*** Provided records ***
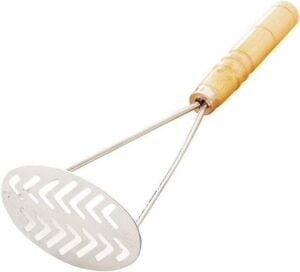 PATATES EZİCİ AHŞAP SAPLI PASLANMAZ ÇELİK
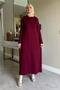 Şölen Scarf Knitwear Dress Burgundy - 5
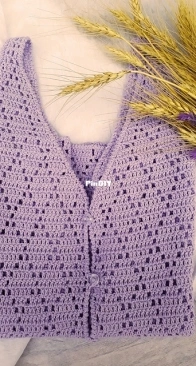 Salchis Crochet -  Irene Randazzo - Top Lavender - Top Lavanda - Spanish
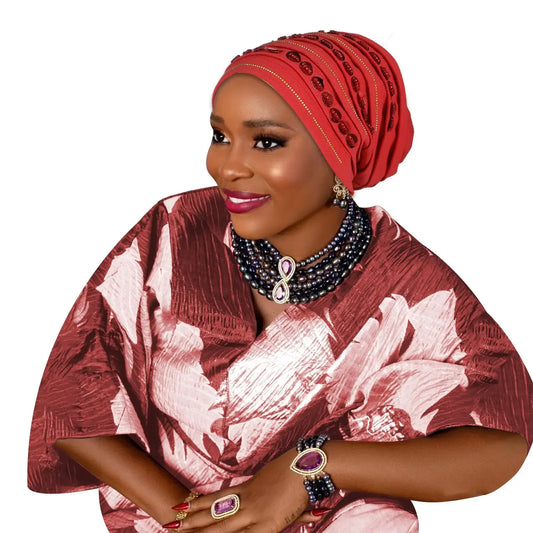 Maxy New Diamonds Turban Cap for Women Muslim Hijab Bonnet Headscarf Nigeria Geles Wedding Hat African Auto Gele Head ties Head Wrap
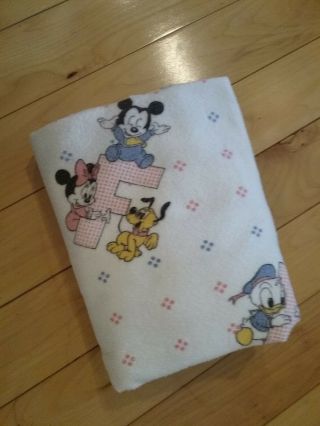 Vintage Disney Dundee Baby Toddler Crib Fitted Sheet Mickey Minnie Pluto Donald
*** End of Provided records ***
Every line above should be returned exactly; the pictures stay out.

 PATATES EZİCİ AHŞAP SAPLI PASLANMAZ ÇELİK
 Şölen Scarf Knitwear Dress Burgundy - 5
 Salchis Crochet -  Irene Randazzo - Top Lavender - Top Lavanda - Spanish
 Maxy New Diamonds Turban Cap for Women Muslim Hijab Bonnet Headscarf Nigeria Geles Wedding Hat African Auto Gele Head ties Head Wrap
 Vintage Disney Dundee Baby Toddler Crib Fitted Sheet Mickey Minnie Pluto Donald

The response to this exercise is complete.